Frente a este panorama, es necesario revisar la modernidad no como un sistema cerrado, sino como un proyecto histórico inacabado que debe ser rescatado y reformulado. La modernidad, entendida en su esencia, no es simplemente una apología del progreso técnico o del capitalismo triunfante, sino una apuesta por la autonomía, la razón crítica, el universalismo ético y la construcción de un mundo común regido por normas deliberadas colectivamente.

Esa modernidad originaria, ilustrada pero no dogmática, confiaba en la capacidad humana de comprender el mundo y transformarlo. Su promesa no era la utopía totalitaria, sino la ciudadanía ilustrada. Recuperar esa esencia implica volver a creer en la posibilidad de una razón pública compartida, de una política de la argumentación, de una ética del deber más allá del capricho individual.

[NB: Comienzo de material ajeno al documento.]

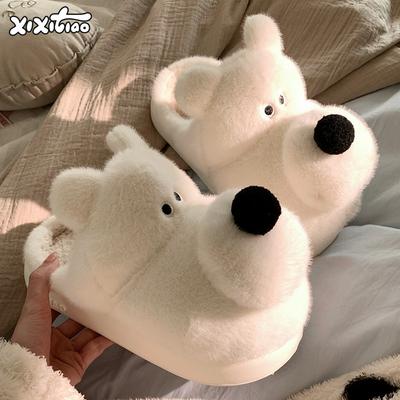 Забавные милые домашние тапочки женские зимние 2024 новые теплые толстые подошвы женские хлопковые тапочки милая собачка плюшевая домашняя обувь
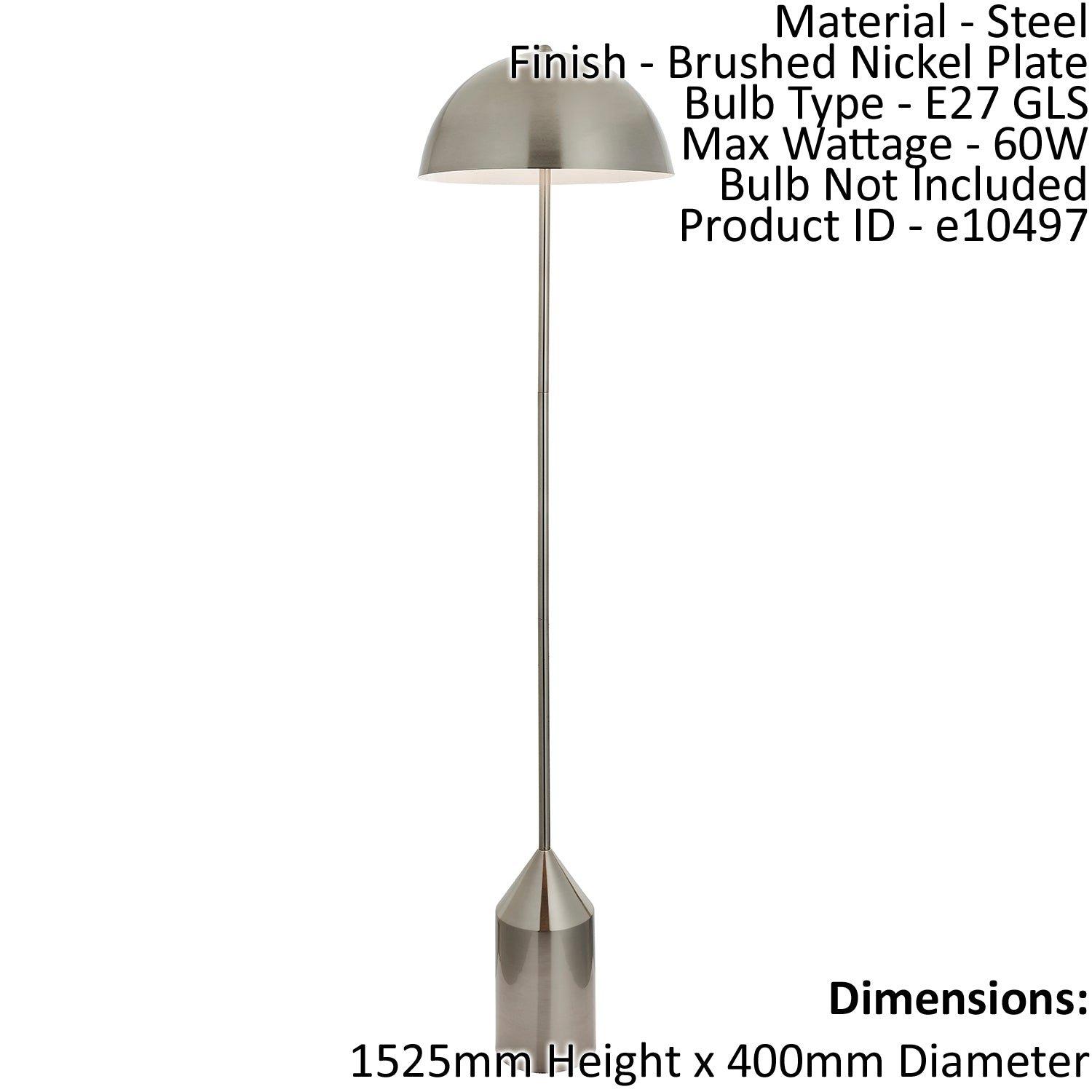 Floor Lamp Light Brushed Nickel Plate 60W E27 Complete Standing Lamp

¿Qué significa volver a la modernidad?

No se trata de negar las críticas que la posmodernidad ha hecho visibles. Muchas de ellas —la denuncia del colonialismo, la visibilización de las voces silenciadas, la problematización de los discursos hegemónicos— han sido contribuciones fundamentales. Pero el error ha sido absoluto: destruir sin proponer, dudar sin buscar, ironizar sin construir.

Volver a la modernidad significa recuperar el valor de la verdad como aspiración, aunque sea parcial. Significa restituir la figura del sujeto como agente de sentido, no como mero efecto del lenguaje. Significa volver a la política como acción colectiva transformadora, no como performance vacía. Significa, en definitiva, volver a pensar el futuro, algo que la posmodernidad declaró obsoleto.

Conclusión: más allá del posmodernismo

El siglo XXI nos exige salir de la parálisis posmoderna. La crisis ambiental, las guerras, la inteligencia artificial, la desigualdad estructural, el vaciamiento del sentido de comunidad: todos estos desafíos requieren un pensamiento que, sin caer en absolutismos, se atreva a trazar horizontes. Se necesita una nueva modernidad: crítica, plural, democrática, pero también firme en su convicción de que el mundo puede ser entendido y transformado.

La posmodernidad fracasó no porque haya dudado, sino porque olvidó que dudar es solo el primer paso para conocer, no el último para renunciar. Y si algo nos enseñó la modernidad, es que la dignidad humana se juega en esa voluntad de comprender, decidir y construir juntos un destino común.